*YOUR TASK:* Where the records below reach the line containing "Used 2024 Hyundai Ioniq 5 Limited image 20", start transcribing, and end with the line containing "A7F12AC000 - Interior: Cargo", exactly and with nothing else added.

*RECORDS PROVIDED:*
++++++++++++++++++++

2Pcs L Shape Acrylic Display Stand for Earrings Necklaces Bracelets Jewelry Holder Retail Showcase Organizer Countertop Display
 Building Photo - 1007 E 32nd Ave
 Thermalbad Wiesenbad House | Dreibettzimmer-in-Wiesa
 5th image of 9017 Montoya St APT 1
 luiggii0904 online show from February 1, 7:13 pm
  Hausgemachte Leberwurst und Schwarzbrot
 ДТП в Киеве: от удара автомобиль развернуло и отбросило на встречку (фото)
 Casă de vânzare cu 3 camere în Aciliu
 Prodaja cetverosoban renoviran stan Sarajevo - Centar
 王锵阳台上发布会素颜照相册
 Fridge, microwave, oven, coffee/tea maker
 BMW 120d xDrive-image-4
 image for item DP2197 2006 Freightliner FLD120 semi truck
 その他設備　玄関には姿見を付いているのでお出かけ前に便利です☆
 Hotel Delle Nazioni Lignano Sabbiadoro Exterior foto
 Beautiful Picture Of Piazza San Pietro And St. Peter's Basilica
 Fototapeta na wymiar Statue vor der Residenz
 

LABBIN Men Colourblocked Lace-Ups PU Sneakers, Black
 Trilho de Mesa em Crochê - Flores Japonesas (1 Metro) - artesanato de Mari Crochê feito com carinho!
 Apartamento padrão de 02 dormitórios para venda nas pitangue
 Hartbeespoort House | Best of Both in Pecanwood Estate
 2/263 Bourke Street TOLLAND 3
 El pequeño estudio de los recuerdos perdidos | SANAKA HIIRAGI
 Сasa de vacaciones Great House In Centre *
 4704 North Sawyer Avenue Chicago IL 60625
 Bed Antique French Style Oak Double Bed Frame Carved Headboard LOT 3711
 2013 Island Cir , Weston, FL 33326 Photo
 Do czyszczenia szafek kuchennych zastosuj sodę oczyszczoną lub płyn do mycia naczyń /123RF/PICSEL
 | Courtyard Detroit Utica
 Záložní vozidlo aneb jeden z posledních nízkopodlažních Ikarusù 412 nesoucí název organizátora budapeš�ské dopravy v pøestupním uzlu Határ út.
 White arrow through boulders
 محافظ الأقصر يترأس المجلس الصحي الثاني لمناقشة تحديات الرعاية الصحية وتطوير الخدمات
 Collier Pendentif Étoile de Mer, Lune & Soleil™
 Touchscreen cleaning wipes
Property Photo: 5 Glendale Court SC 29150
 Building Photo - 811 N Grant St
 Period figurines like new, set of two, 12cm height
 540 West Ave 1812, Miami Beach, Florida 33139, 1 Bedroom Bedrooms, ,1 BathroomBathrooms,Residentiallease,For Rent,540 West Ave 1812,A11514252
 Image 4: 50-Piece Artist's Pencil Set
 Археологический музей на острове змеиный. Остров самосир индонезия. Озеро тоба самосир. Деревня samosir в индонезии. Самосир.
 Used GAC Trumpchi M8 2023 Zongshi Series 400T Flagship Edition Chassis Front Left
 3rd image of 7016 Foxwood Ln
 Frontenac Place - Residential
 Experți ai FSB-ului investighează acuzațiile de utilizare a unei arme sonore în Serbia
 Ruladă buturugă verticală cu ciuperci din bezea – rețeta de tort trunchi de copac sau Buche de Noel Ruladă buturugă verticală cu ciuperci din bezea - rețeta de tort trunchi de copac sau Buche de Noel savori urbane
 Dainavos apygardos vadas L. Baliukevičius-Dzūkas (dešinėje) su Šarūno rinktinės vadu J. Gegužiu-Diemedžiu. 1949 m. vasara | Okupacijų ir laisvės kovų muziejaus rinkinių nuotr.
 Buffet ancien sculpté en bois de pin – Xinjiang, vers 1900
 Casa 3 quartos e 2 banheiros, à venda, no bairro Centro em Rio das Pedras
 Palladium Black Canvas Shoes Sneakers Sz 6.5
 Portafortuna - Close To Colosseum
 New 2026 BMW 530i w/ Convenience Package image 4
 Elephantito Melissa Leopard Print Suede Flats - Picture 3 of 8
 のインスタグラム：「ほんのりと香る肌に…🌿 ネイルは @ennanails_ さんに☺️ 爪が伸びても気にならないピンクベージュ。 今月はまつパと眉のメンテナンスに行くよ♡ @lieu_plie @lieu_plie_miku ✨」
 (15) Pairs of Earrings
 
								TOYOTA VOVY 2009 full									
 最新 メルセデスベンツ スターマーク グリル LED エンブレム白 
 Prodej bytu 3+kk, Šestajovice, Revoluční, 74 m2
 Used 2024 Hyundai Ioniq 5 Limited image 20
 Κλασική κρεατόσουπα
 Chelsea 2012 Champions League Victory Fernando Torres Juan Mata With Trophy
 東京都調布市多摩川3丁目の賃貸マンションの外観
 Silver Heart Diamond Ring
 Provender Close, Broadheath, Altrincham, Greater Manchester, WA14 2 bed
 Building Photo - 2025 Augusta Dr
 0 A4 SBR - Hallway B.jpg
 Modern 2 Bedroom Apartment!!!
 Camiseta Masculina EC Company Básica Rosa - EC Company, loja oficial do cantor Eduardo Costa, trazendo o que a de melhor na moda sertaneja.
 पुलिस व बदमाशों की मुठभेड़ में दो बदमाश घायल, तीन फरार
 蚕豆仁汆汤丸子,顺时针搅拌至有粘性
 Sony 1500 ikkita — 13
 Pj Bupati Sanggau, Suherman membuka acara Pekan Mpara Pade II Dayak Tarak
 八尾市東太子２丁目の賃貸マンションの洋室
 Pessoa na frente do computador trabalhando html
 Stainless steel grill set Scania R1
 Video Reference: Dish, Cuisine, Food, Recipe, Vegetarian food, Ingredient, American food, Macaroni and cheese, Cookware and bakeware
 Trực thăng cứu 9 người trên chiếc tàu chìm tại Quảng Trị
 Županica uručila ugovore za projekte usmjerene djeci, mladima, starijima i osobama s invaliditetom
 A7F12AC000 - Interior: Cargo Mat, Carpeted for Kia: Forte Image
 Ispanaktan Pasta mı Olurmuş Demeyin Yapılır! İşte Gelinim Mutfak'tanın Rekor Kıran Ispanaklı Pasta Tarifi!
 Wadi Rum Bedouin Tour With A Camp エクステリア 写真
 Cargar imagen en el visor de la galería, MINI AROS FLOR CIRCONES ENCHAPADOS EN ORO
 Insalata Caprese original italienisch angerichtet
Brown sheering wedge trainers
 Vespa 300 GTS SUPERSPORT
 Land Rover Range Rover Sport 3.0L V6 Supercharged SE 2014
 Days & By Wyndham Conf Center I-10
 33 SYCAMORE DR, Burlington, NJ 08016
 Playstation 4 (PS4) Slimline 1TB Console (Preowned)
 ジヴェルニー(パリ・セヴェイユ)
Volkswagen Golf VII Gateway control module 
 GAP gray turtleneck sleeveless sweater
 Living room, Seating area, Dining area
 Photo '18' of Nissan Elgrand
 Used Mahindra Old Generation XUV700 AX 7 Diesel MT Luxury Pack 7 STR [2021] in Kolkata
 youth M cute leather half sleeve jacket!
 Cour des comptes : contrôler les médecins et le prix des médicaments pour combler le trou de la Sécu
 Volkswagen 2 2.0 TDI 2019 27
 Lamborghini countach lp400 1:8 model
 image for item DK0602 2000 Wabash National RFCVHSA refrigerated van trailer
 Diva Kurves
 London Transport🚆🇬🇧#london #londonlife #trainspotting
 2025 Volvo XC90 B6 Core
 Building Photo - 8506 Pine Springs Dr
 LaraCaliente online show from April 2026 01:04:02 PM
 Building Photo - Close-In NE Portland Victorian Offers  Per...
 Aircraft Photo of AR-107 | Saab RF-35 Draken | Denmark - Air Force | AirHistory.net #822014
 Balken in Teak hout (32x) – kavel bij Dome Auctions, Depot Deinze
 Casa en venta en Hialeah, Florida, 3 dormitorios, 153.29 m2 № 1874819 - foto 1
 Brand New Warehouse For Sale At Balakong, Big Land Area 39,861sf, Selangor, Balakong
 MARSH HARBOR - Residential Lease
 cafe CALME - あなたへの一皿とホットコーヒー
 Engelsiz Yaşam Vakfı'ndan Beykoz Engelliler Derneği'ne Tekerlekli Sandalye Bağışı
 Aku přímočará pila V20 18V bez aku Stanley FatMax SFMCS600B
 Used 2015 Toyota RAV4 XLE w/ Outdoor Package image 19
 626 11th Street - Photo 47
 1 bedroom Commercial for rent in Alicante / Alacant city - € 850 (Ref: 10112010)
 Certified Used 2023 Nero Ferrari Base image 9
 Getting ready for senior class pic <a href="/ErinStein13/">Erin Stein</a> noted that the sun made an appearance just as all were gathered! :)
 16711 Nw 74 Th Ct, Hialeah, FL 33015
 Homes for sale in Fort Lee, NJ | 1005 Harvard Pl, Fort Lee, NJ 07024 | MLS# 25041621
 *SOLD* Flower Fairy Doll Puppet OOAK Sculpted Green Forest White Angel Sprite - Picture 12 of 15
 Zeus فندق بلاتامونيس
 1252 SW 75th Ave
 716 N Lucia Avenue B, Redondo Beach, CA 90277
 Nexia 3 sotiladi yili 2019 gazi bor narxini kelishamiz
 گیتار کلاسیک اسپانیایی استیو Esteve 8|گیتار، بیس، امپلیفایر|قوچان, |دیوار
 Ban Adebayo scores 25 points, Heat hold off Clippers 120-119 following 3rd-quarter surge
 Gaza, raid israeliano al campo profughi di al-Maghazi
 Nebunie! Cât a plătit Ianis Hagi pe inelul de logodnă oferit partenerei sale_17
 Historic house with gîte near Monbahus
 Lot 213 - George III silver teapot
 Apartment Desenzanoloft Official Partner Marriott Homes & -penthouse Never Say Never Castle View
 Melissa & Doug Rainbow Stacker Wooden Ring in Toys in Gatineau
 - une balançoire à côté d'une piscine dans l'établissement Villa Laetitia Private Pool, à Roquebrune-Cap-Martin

++++++++++++++++++++

*EXERCISE RESULT:*
 Used 2024 Hyundai Ioniq 5 Limited image 20
 Κλασική κρεατόσουπα
 Chelsea 2012 Champions League Victory Fernando Torres Juan Mata With Trophy
 東京都調布市多摩川3丁目の賃貸マンションの外観
 Silver Heart Diamond Ring
 Provender Close, Broadheath, Altrincham, Greater Manchester, WA14 2 bed
 Building Photo - 2025 Augusta Dr
 0 A4 SBR - Hallway B.jpg
 Modern 2 Bedroom Apartment!!!
 Camiseta Masculina EC Company Básica Rosa - EC Company, loja oficial do cantor Eduardo Costa, trazendo o que a de melhor na moda sertaneja.
 पुलिस व बदमाशों की मुठभेड़ में दो बदमाश घायल, तीन फरार
 蚕豆仁汆汤丸子,顺时针搅拌至有粘性
 Sony 1500 ikkita — 13
 Pj Bupati Sanggau, Suherman membuka acara Pekan Mpara Pade II Dayak Tarak
 八尾市東太子２丁目の賃貸マンションの洋室
 Pessoa na frente do computador trabalhando html
 Stainless steel grill set Scania R1
 Video Reference: Dish, Cuisine, Food, Recipe, Vegetarian food, Ingredient, American food, Macaroni and cheese, Cookware and bakeware
 Trực thăng cứu 9 người trên chiếc tàu chìm tại Quảng Trị
 Županica uručila ugovore za projekte usmjerene djeci, mladima, starijima i osobama s invaliditetom
 A7F12AC000 - Interior: Cargo Mat, Carpeted for Kia: Forte Image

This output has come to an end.